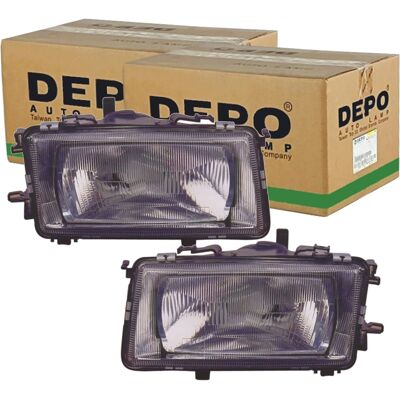 2x Depo H4 Scheinwerfer Passend Für Audi 80 Links+rechts: Hauptscheinwerfer Abakus: 4411107lldem Alkar: 2701484 Audi: 893941029h Diederichs: 1014981 J 2x Depo H4 Scheinwerfer Passend Für Audi 80 Links+rechts: Hauptscheinwerfer Abakus: 4411107lldem Alkar: 2701484 Audi: 893941029h Diederichs: 1014981 J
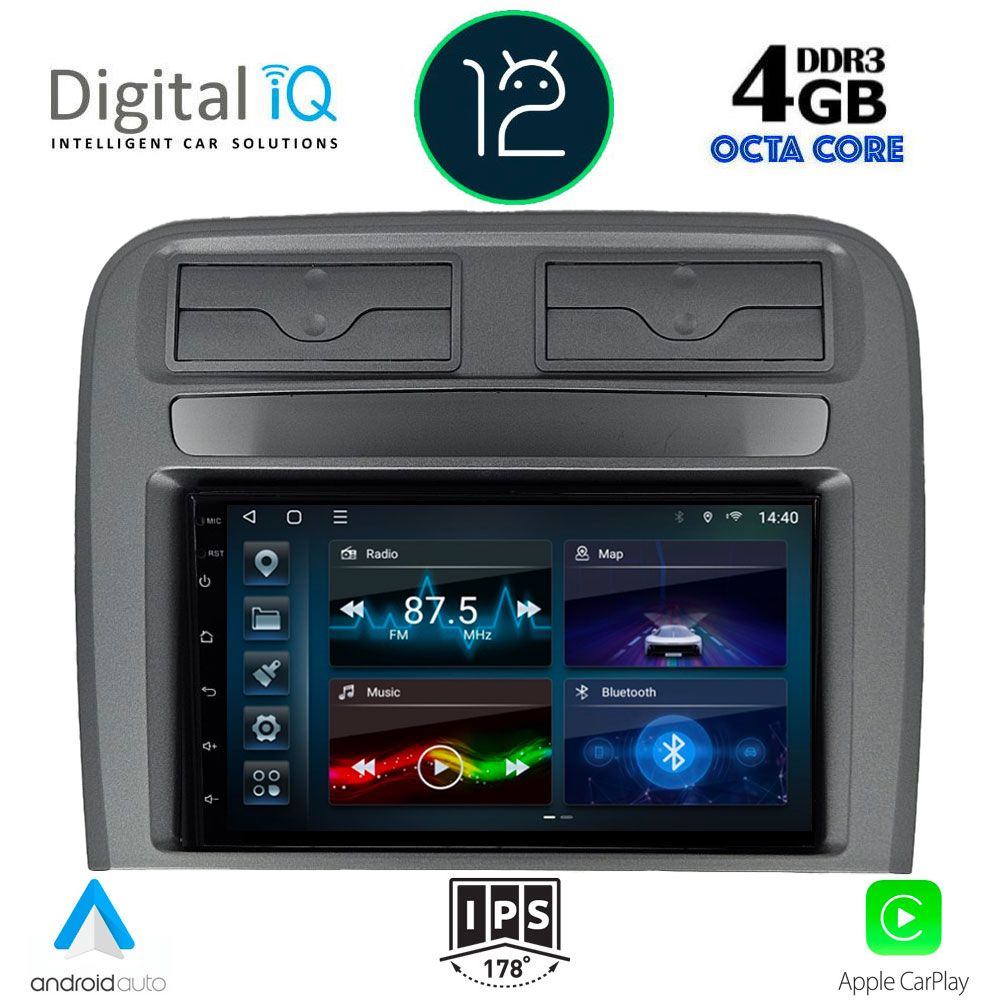 DIGITAL IQ TPF 360_CPA (7” DECK) MULTIMEDIA OEM FIAT GRANDE PUNTO mod. 2005-2011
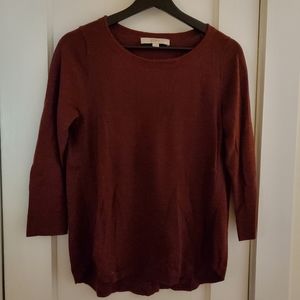 Lightweight loft 3/4 sleeve sweater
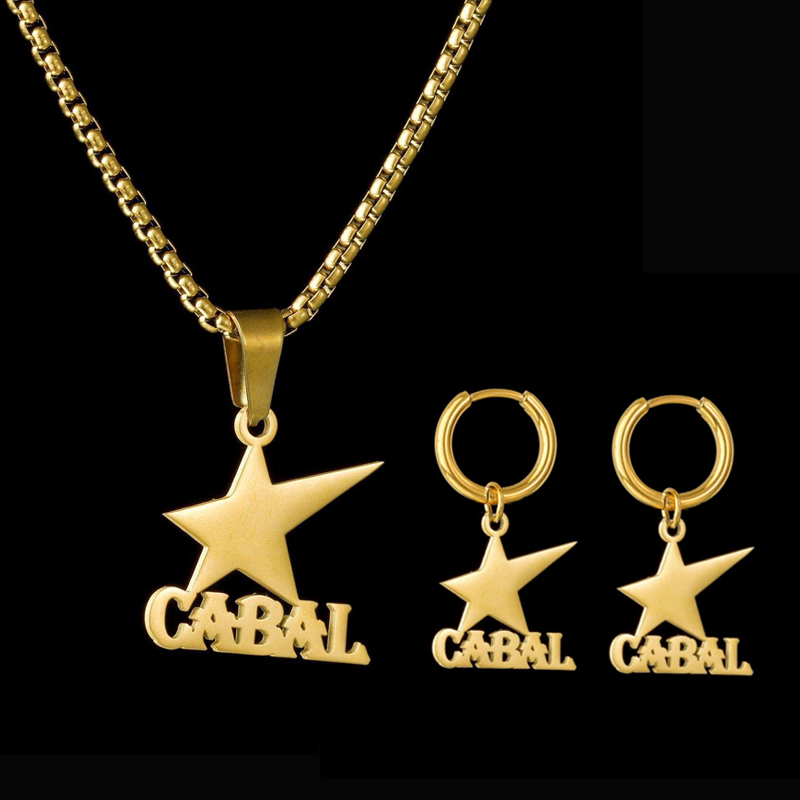 Goxijite Customized Name Earri - Custom Name Necklace Stainless Steel review and price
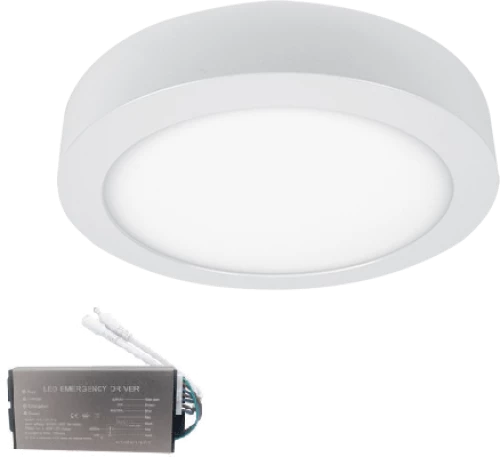STELLAR LED ΠΑΝΕΛ ΣΤΡΌΓΓΥΛΟ ΕΞΩΤΕΡΙΚΟ 24W 2700K+ ΚΙΤ ΑΣΦΑΛΕΙΑΣ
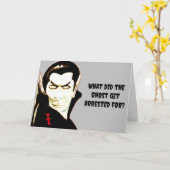 CARTE HALLOWEEN POURQUOI LE GHOST A-T-IL ÉTÉ ARRÊTÉ ? (Fleur jaune)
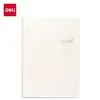 Caderno Deli com Encadernação Costurada Caderno Simples Lined de PP Caderno Inglês Espesso Caderno Transparente para Escrita Papelaria Atacado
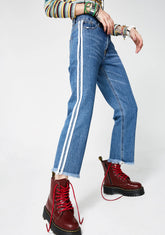 Fast Lane Striped Jeans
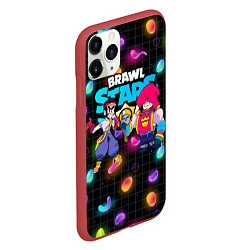 Чехол iPhone 11 Pro матовый ФЭНГ И ГРОМ BRAWL STARSг, цвет: 3D-красный — фото 2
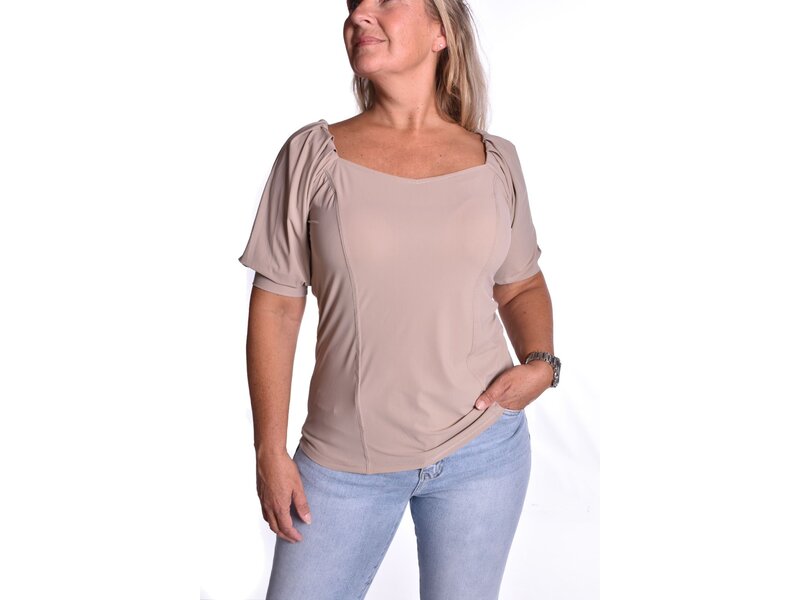 Travel Top Debbie - Beige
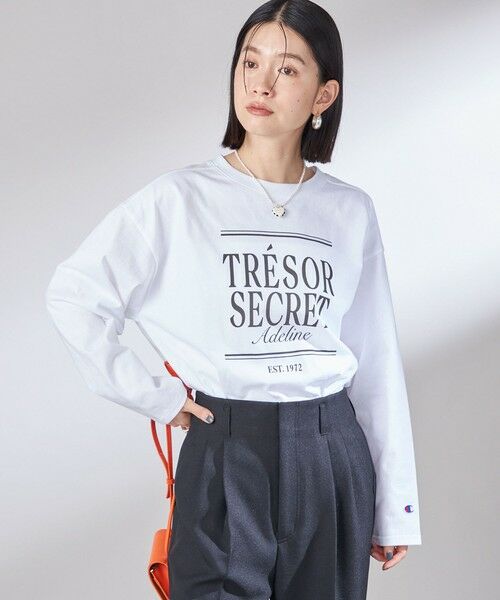 SHIPS / シップス カットソー(半袖以外) | 【SHIPS別注】Champion: プリント ロングスリーブ TEE | 詳細29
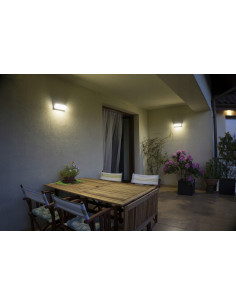 Nowoczesna lampa ścienna LED Mona MN19301 z mlecznym kloszem - eleganckie oświetlenie do ogrodu i tarasu 2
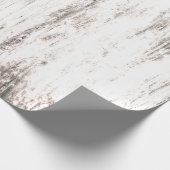 木目ホワイトカントリー素朴テクスチャの切り離し ラッピングペーパー (角)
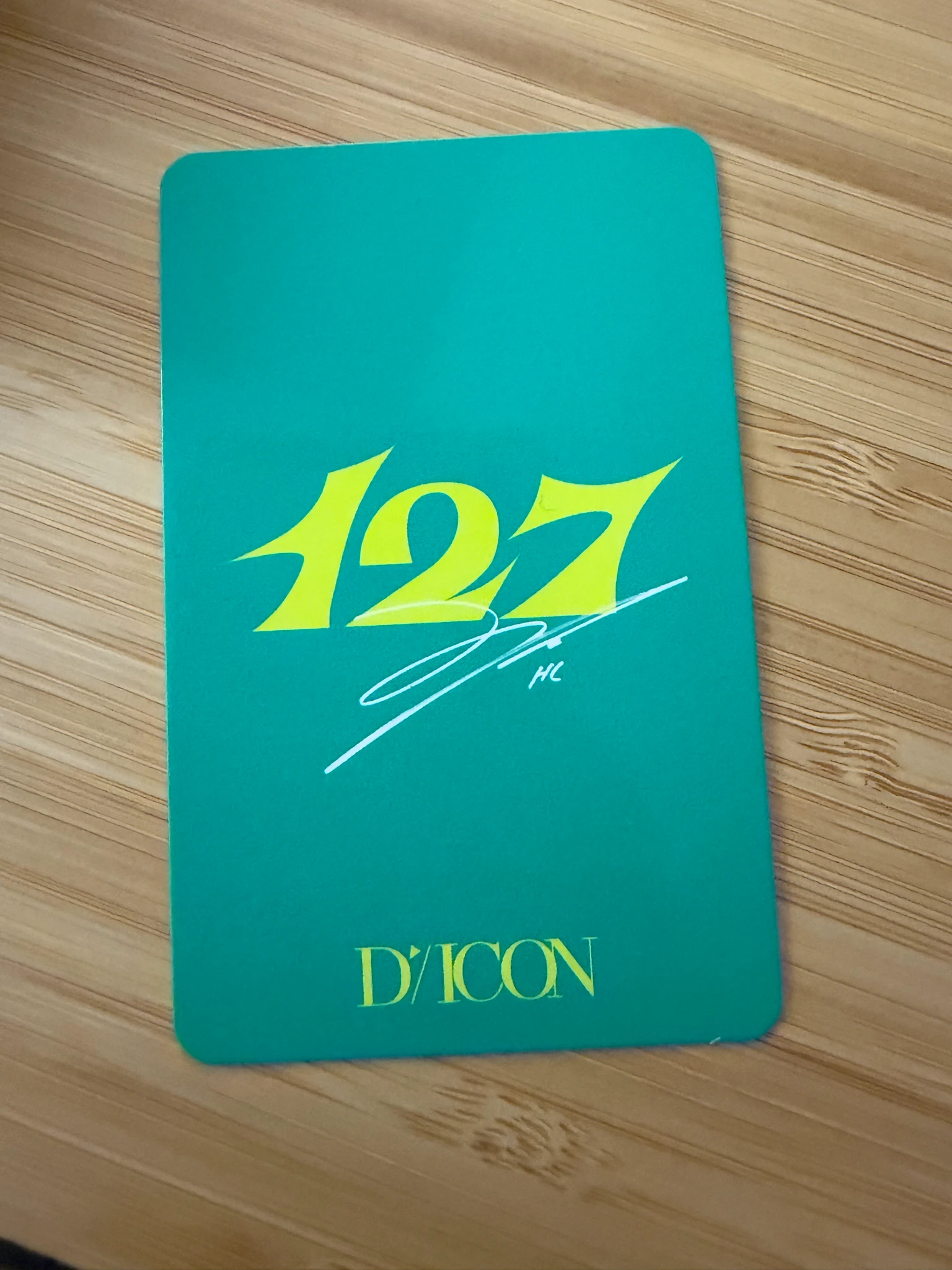 NCT 127 Haechan NCT 127 - Haechan - DICON D'FESTA Photobook (Mini Edition) Other concept version photocard set dicon listing photo 2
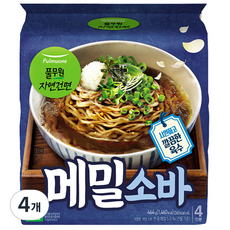 풀무원 자연건면 메밀소바, 464g, 4개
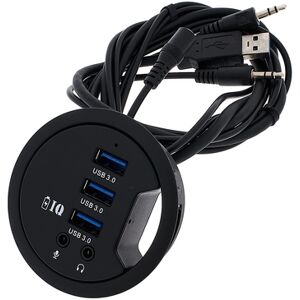 Studio Desk Cable Inlay USB 3 Hub Noir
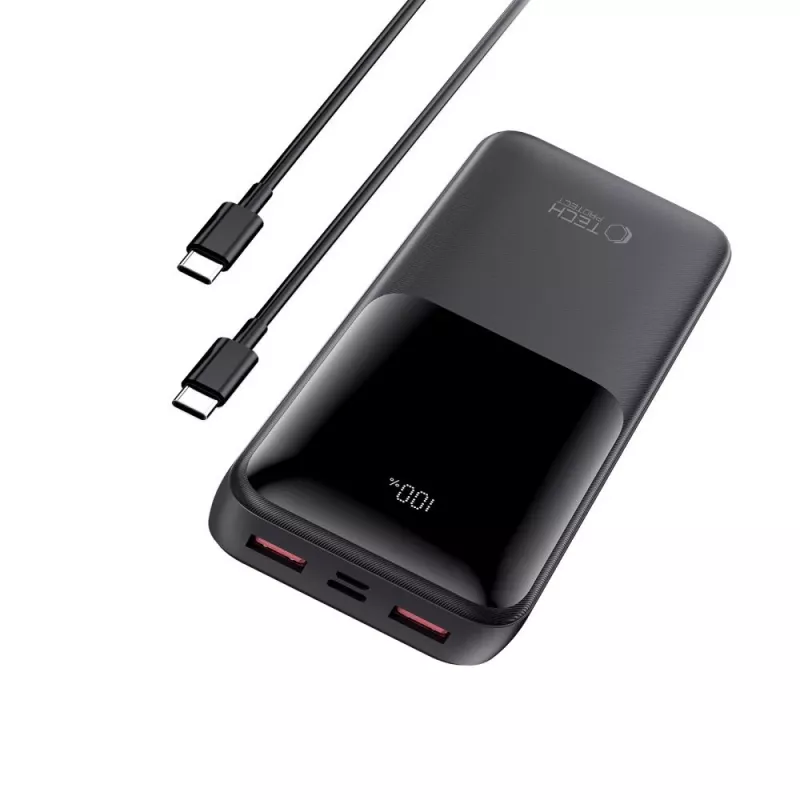 TECH-PROTECT PB02 varavirtalähde 20000mAh 22,5W musta
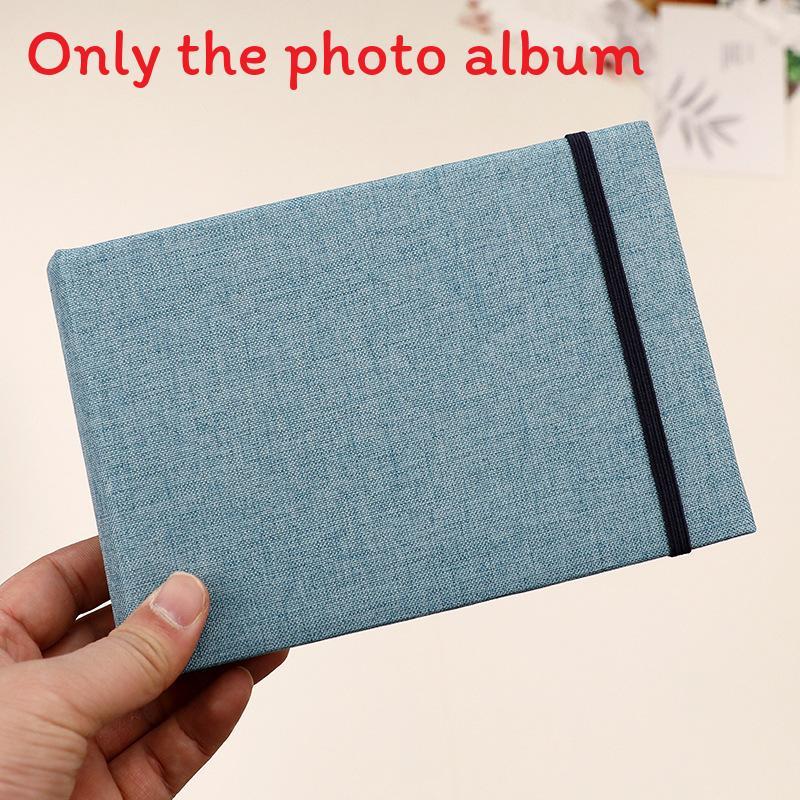 Classic Cloth Cover Photo Album With String Binding For Memories And Gift Use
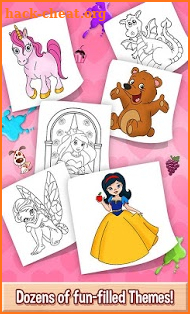 Little Princess Coloring Kids Book - Girls Games! screenshot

^^^^^^^^

# Assignment
Leave the pictures aside and give every entry above again word for word.

# Answer to this exercise
 2x Depo H4 Scheinwerfer Passend Für Audi 80 Links+rechts: Hauptscheinwerfer Abakus: 4411107lldem Alkar: 2701484 Audi: 893941029h Diederichs: 1014981 J 2x Depo H4 Scheinwerfer Passend Für Audi 80 Links+rechts: Hauptscheinwerfer Abakus: 4411107lldem Alkar: 2701484 Audi: 893941029h Diederichs: 1014981 J
 DIGITAL IQ TPF 360_CPA (7” DECK) MULTIMEDIA OEM FIAT GRANDE PUNTO mod. 2005-2011
 Lightweight loft 3/4 sleeve sweater
 Goxijite Customized Name Earri - Custom Name Necklace Stainless Steel review and price
STELLAR LED ΠΑΝΕΛ ΣΤΡΌΓΓΥΛΟ ΕΞΩΤΕΡΙΚΟ 24W 2700K+ ΚΙΤ ΑΣΦΑΛΕΙΑΣ
 CARTE HALLOWEEN POURQUOI LE GHOST A-T-IL ÉTÉ ARRÊTÉ ? (Fleur jaune)
 Caderno Deli com Encadernação Costurada Caderno Simples Lined de PP Caderno Inglês Espesso Caderno Transparente para Escrita Papelaria Atacado
 Fast Lane Striped Jeans
 Чехол iPhone 11 Pro матовый ФЭНГ И ГРОМ BRAWL STARSг, цвет: 3D-красный — фото 2
 Travel Top Debbie - Beige
 SHIPS / シップス カットソー(半袖以外) | 【SHIPS別注】Champion: プリント ロングスリーブ TEE | 詳細29
 Nowoczesna lampa ścienna LED Mona MN19301 z mlecznym kloszem - eleganckie oświetlenie do ogrodu i tarasu 2
 木目ホワイトカントリー素朴テクスチャの切り離し ラッピングペーパー (角)
 NCT 127 Haechan NCT 127 - Haechan - DICON D'FESTA Photobook (Mini Edition) Other concept version photocard set dicon listing photo 2
 풀무원 자연건면 메밀소바, 464g, 4개
 Studio Desk Cable Inlay USB 3 Hub Noir
 TECH-PROTECT PB02 varavirtalähde 20000mAh 22,5W musta
 Classic Cloth Cover Photo Album With String Binding For Memories And Gift Use
 Little Princess Coloring Kids Book - Girls Games! screenshot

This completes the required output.